2 tbsp vegetable oil
4 ears fresh corn, shucked, kernels removed (about 3-4 cups fresh corn kernels)
 3 tbsp Mexican Crema or sour cream
 2 tbsp mayonnaise
1 clove garlic, grated on a microplane grater (about 1 to 2 tsp)
2 tbsp fresh juice from 2 limes
¼ tsp chili powder
¼ tsp cumin
1/8 tsp smoked paper
coarse salt and pepper, to taste
 ¼ cup Cotija or feta cheese, finely crumbled¼ cup finely diced red onion
 1/3 cup fresh cilantro leaves, finely chopped

  • Warm oil in a large nonstick skillet over medium-high heat until shimmering. Add in the corn kernels; cook for about 5 minutes, tossing a few times, until lightly charred. Season with salt and pepper, to taste. Remove from the heat and cool for 10 minutes.

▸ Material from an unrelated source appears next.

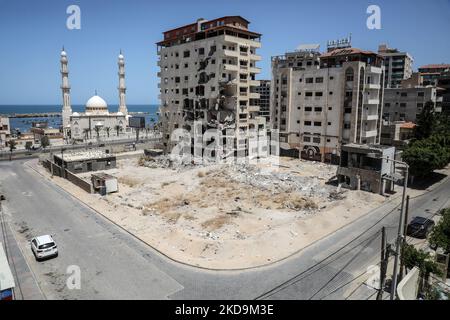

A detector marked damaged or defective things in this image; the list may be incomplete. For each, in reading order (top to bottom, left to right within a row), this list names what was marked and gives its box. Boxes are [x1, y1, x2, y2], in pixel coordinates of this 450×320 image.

damaged high-rise [156, 15, 266, 153] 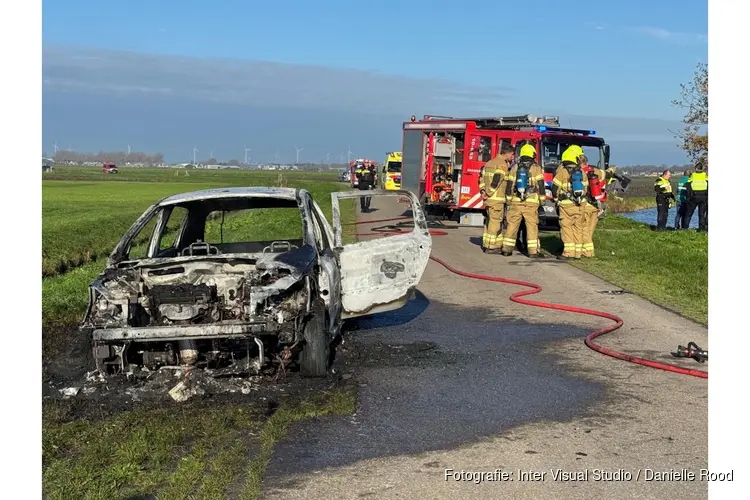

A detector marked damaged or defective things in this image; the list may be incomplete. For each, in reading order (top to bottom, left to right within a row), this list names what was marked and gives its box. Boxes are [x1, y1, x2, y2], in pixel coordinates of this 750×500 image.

  • In a large mixing bowl, whisk together the crema, mayonnaise, garlic, lime juice, chili powder, cumin, paprika, and a pinch of salt and pepper.
  • Add dressing to the bowl with the cooled corn along with the cotija cheese, red onion, cilantro, and jalapeño. Using a rubber spatula, gently fold to combine and coat.
  • Serve and enjoy! (This salad is typically served warm, but it is also good at room temperature or even cold.)